EDITORIAL
Sitting Ducks at LAX
March 28, 2005
Since the Sept. 11 attacks, airline travelers have become more or less resigned to standing in lines. If waiting for checked luggage to undergo new scrutiny and for passengers and carry-on bags to get more than a cursory scan keeps bombs and hijackers off planes, who can really complain?
OK, plenty of people. And perhaps unbeknown to them, it turns out that inconvenience is not the only problem. As air travel rebounds toward pre-9/11 levels, the growing queues make tempting ground-level targets.
A Rand Corp. study on security at Los Angeles International Airport lacks only the phrase "sitting ducks..." The Rand report claims the problem at LAX can be fixed quickly and relatively cheaply by hiring more skycaps, ticketing agents and security screeners.
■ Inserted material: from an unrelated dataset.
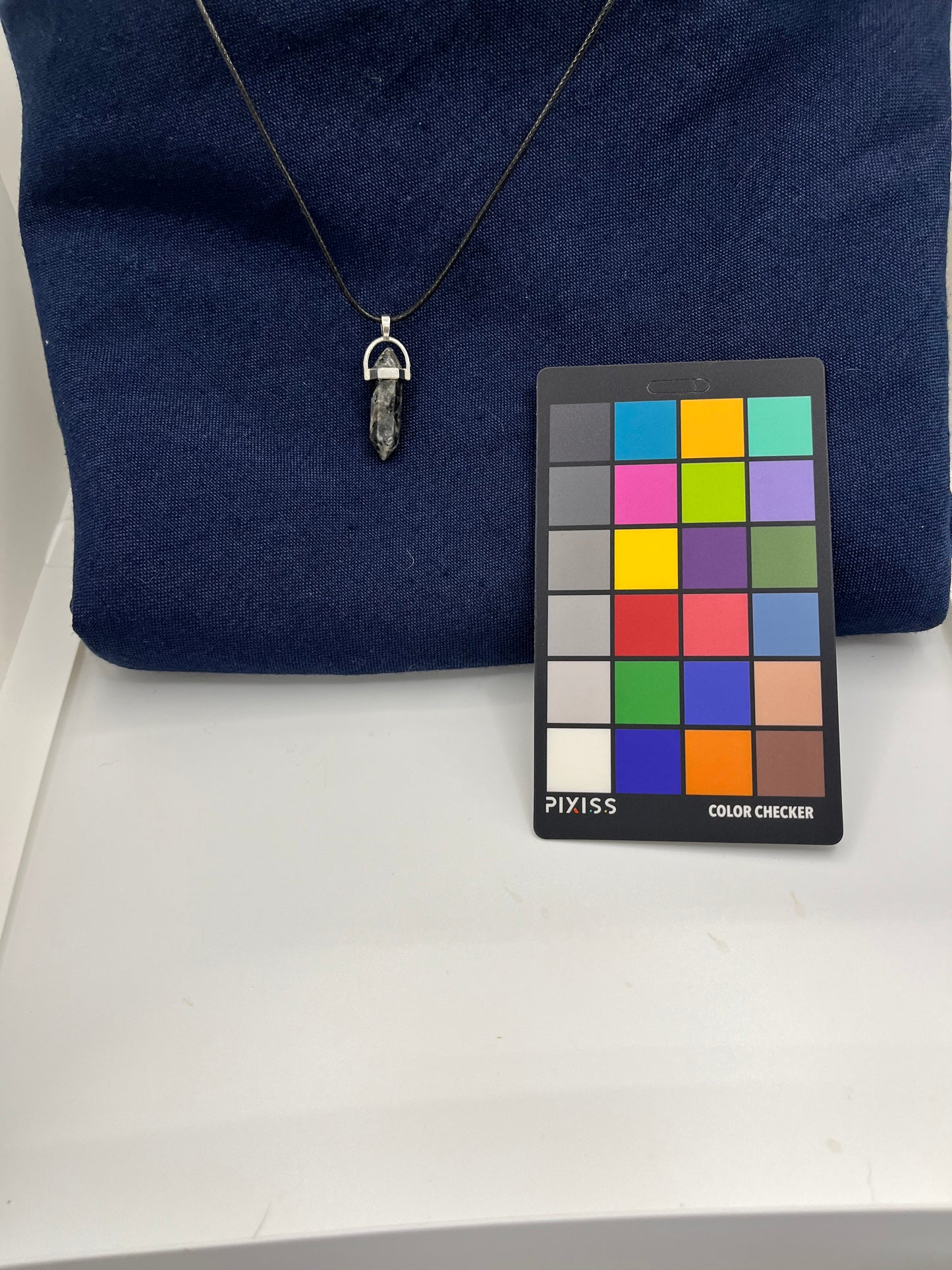Double-Pointed Larvikite Pendant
Mayor James K. Hahn, who is pushing an $11-billion airport renovation, says he agrees with Rand on the urgency of shortening lines but defends the airport director's position that doing so would be neither quick nor easy. The LAX argument is this: Debt-ridden airlines are too broke to hire additional ticket-counter staff, and the number of airport screeners is capped by the federal government. Further, the cramped airport doesn't have room for new counters or scanning stations.
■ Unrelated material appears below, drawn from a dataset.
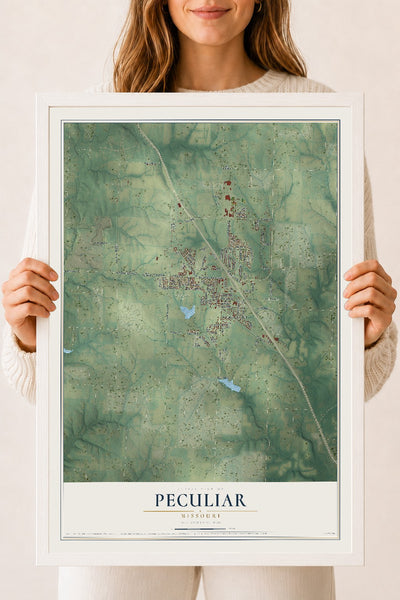 Map of Peculiar, Missouri, 18 x 24 inch print in a white wood frame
City Councilman Antonio Villaraigosa, Hahn's challenger in the May 17 runoff, accuses the mayor of "summarily dismissing" Rand's recommendation as a way to bolster his more costly renovation. But Villaraigosa is vague about how he would find the money or the room to shorten lines. He opposes even a scaled-back compromise on LAX renovation that was adopted by the rest of the City Council, instead calling for the same regional airport system everyone supports and no one has figured out how to create. That isn't exactly a quick fix either.